Hibbs is far from the only retailer changing, of course. Diamond, like the British Raj before it, is trying to teach the natives about things like quinine and digging draining ditches. Again, Dan Vado:

Diamond comics is apparently developing something that will work with a Microsoft based Point-of-sale system. Given the Diamond Comics blessing, this will probably become the defacto POS system for the comic book industry. That, I think, is sad. Microsoft makes some pretty crappy products and the security of it’s core product, the operating system, is at best suspect. I honestly don’t think an entire industry should be basing its POS choices on something that operates on a Microsoft platform.

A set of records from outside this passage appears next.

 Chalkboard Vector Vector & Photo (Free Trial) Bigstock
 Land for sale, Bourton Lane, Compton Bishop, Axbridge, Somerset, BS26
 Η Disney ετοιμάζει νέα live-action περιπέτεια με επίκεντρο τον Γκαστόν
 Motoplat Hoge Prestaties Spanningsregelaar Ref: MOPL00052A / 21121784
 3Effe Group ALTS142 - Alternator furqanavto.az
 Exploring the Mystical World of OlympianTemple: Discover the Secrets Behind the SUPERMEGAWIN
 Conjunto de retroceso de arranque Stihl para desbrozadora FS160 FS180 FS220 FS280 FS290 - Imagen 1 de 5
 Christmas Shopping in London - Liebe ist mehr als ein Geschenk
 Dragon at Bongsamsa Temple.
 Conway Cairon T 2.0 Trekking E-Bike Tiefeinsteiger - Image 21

…The upside to this, of course, is that a Diamond sponsored system will no doubt have a real-time link to their inventory database. If a retailer can look up the availability of an item from their cash register and special order merchandise for their customers right as someone is looking for something I think they would all be surprised at how much extra product they moved and the wide variety of product being requested. I once suggested to a retailer that they should write down everything that their customers asked about, not order it, but write it down and then look at the list at the end of the month. He later told me he was surprised at what a variety of product that people were asking for. I don’t know what he did with that information, but knowledge is power.

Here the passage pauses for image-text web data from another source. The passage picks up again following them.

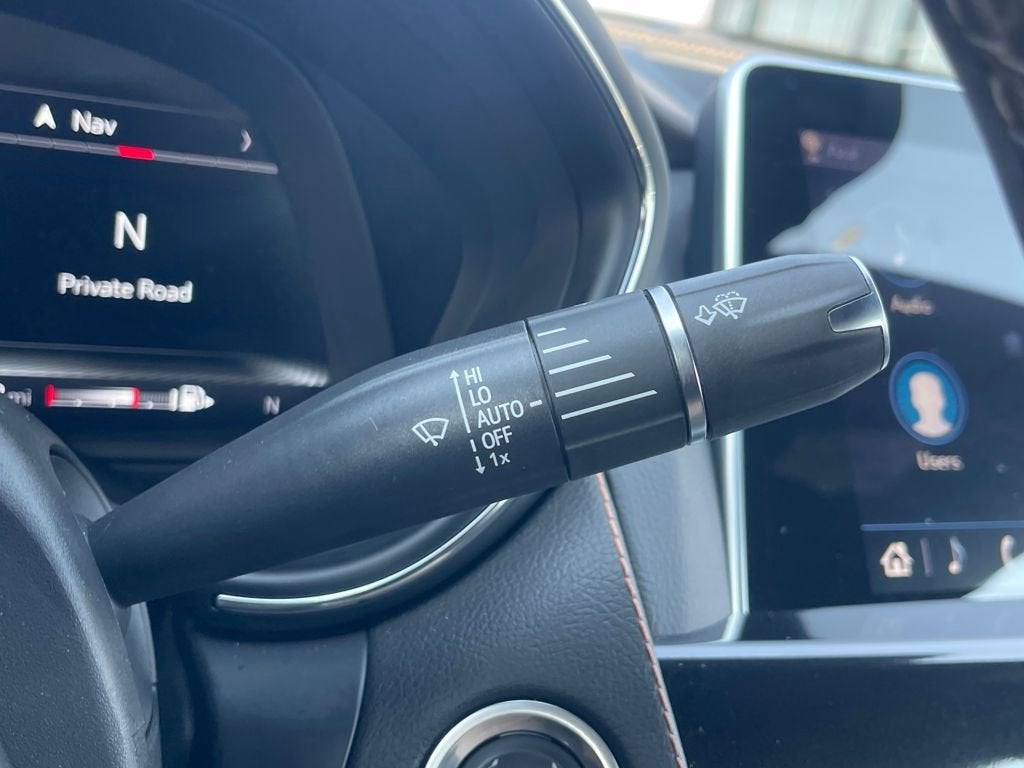 2024 Cadillac CT5-V V-Series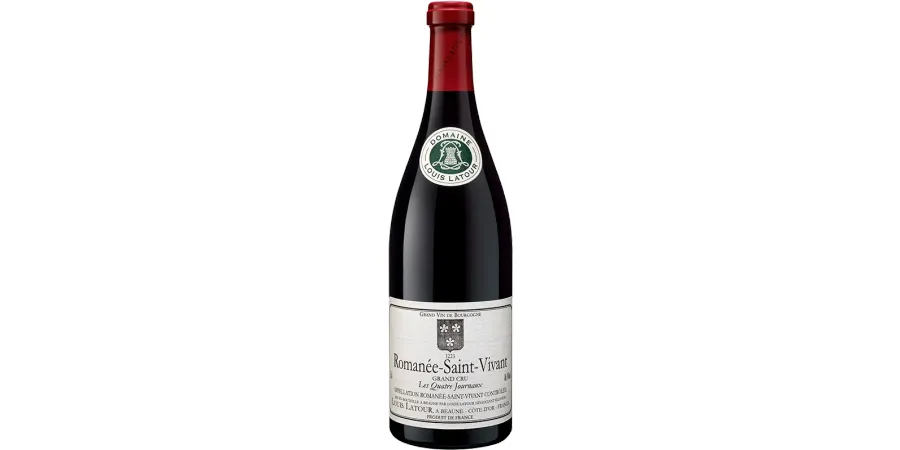 Louis Latour Romanée-Saint-Vivant 2021 · Buy it for £731.93 at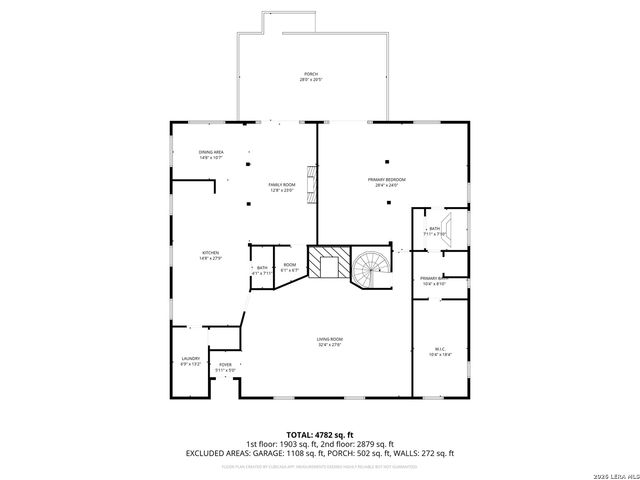 2040 Island View, Canyon Lake, TX 78133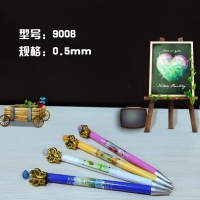 凯莱亚9008，自动铅笔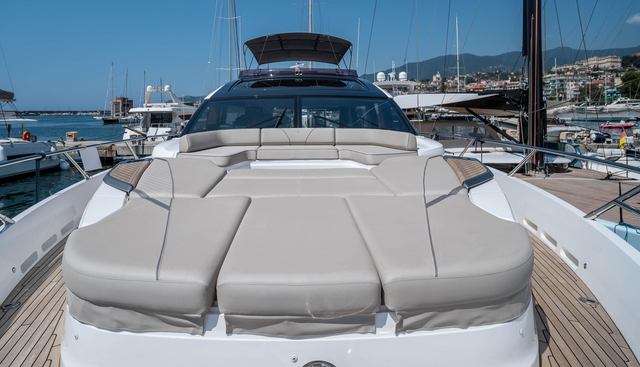 noname yacht for sale 8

The advent of an industry wide POS system would be the biggest shake up since Heroes World, but not in simple ways. We’ve had a few discussions with retailers about the switch, but the talk soon turns to such things as the number of digits in an ISBN number. Even reading Hibb’s blog entries about the switch are tough going for the non-business oriented among us. Nonetheless, this is probably the single most important thing happening in the industry now that we all know that graphic novels are here to stay.

1 COMMENT

  1. When I worked for SuperCrown Books in 1997, we used a textbased IBID database and Ingram microfiche for special customer orders. Now, I work at Barnes & Noble, with an inhouse system that shows instant inventory from Ingram, B and T, Bookazine, and a few specialty vendors. When I worked in the Tech Services department at the Omaha Public Library in the early 90s, there was a dedicated terminal hooked up to the Baker and Taylor system. Will Ingram subsidize a system for stores? Can Comics Week research point of sales systems?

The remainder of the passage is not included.